Home Cannes 2024 Cannes Docs-in-Progress East Doc Showcase: Frontline by Alisa Kovalenko

Cannes Docs-in-Progress East Doc Showcase: Frontline by Alisa Kovalenko

Alisa Kovalenko (pic: courtesy of Alisa Kovalenko)

Alisa Kovalenko is a mother and a filmmaker who also became a soldier in early 2022 after the full-scale Russian invasion of her country in 2022. For Kovalenko and her fellow Ukrainians, repelling the aggressor from the East and protecting their homeland became the sole raison d’être. And with that came terrible choices and enormous sacrifices. She gave up her career, but she also had to leave her 4-year old son behind.

“I felt that I cannot make cinema [anymore] and I didn’t see any sense in it. I died for myself as a director. And that’s how also I decided to fight as a soldier, because I thought it was the only way to stop Russians from destroying and occupying our country. I felt that if we parents will not go to fight now, then our children will have to do it in 5, 10, 15 years,” she tells BDE.

“But while I was on the front line, I also felt that it’s important to save memories for my son because I didn’t know when or if I will see him again. So I started to write letters for him in the future and also film, little by little, some small fragments of our life on the frontline.”

When Kovalenko later assessed the material she prepared for her son, she realised that she was telling a story of war from a unique perspective, but not one that entailed continuous engagement.

“War is also endless waiting, routine boredom, looking at the same field, but what’s happening in your mind and what you’re thinking about during these days and nights in the trenches, I saw that it was not captured in any films, and I wanted to find these two sides of emotional ties and fragments of reality around us in the routine small talks with my comrades,” she says.

“But this film will become also [a] branch of memory between parents and children, because I was trying to explain complicated existential things for my son because I thought it’ll be more for him in the future when he grows up…When I left him, he was not even five years old.”

“Also it’s a woman’s point of view and also a mother’s point of view [and shows the] complexity of these different perspectives on the frontline,” Kovalenko adds.

The project is produced by Kasia Kuczynska of Polish outfit Haka Films, who was co-producer on Kovalenko’s multi award-winning We Will Not Fade Away, which the director eventually left the trenches to complete and present in 2023. The film is about five kids from Donbass who are transported briefly out of the war zone to the bliss of the Himalayas.

“It’s very cinematic,” Kuczynska says of Kovalenko’s Frontline. “There is also a lot of very rough life on the frontline, which is being surrounded by explosions all the time. But it’s not like the explosions in Saving Private Ryan, it’s something far away or a missile just flying above your head that is creating constant tension and a constant feeling of danger that will be very, very much experienced by the viewer. It is a very up-close look at what is the real life of the soldiers on the frontline.”
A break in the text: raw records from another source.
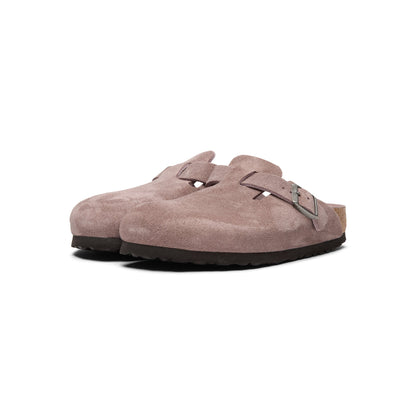 Birkenstock Boston SFB (LEVE Faded Purple Tonal)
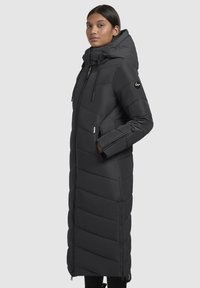 khujo HURCE - Manteau d'hiver - dunkelgrau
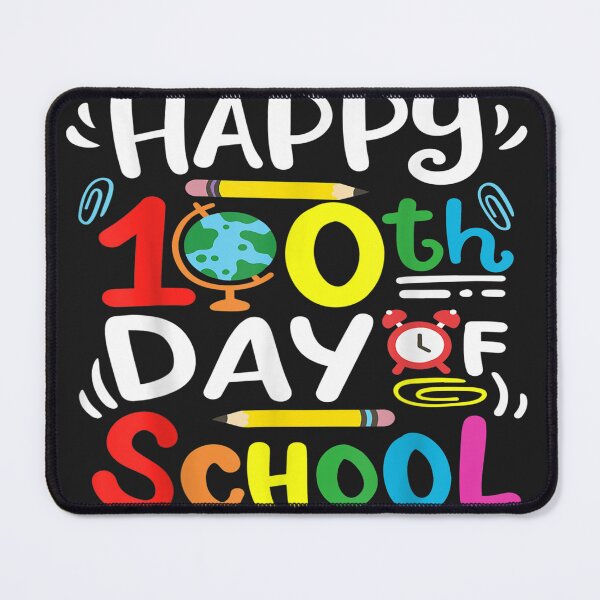 Item preview, Happy 100th Day of School 100 Days of School Teacher Student T-Shirt designed and sold by TaTofy.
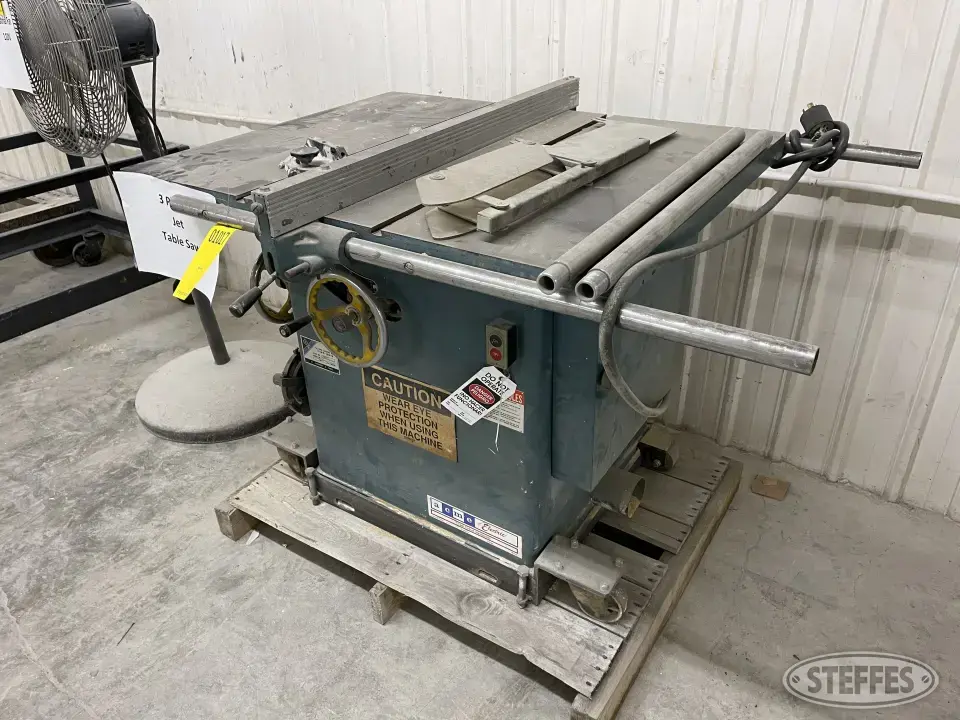 Jet CTAS-12H-3 Power Tool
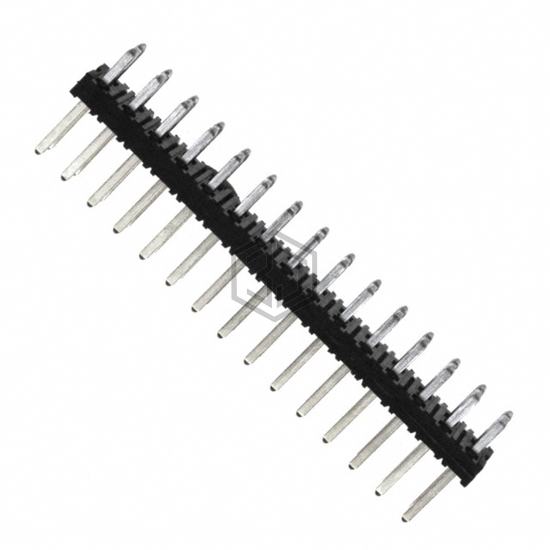0877583016 - Molex - Rectangular Connectors - Headers, Male Pins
“This film is not about geopolitics, it’s strictly about those people on the frontline. It’s Alisa’s personal story. There are her comrades that we can observe and listen to them, and listen to what they are missing, how they are trying to maintain closeness with their families, contacting them, talking to their children. So this is the closest we can get to the soldiers and their everyday life on the frontline.”

After the world premiere of We Will Not Fade Away at Berlinale, Kovalenko visited many international festivals with the film. Was this a welcome distraction or a burden, given how her thoughts, when away, were inevitably trained on Ukraine? She answers that her engagement at international events was less about promoting her own film, and more about generating support for Ukraine in the war against Russia.

“We take it as a second job to do this culture diplomacy,” she says. “I see this as a mission more than [film promotion] because I cannot think anymore in the same system, like it was before, or about success.” She adds that she is happy to do it “if it’ll help us to win this war, if it’ll stop the deaths of my friends.”

Frontline has a running time 90 minutes and an expected release date of January 2025. Backers include US outfit Chicken and Egg. At Cannes Docs, producer Kuczynska is looking for festivals, sales agents, buyers and gap financing. “We have a co-producer, Monica Hellström from Denmark, and we would like to attach a Ukrainian co-producer as well because it’s important symbolically to have a Ukrainian partner on board,” she says. The team is hopeful that monies will be forthcoming from the Polish and Danish Film Institutes. Last week-end the project won the Soundmind Post-production Prize at Millennium Docs Against Gravity.

“It is really important to listen to what Alisa has to say and what those men on the frontline have to have to say because we don’t think enough of…the people who are there to do what they do, their isolation from their families and the constant tension and fear that they live with,” says Kuczynska. “I think that we focus on numbers and we focus on the geopolitical game and we really forget about the people who are there, and the cost that they are paying for, as in Alisa’s case, protecting their country. I think that it is incredibly crucial for this kind of film to happen.”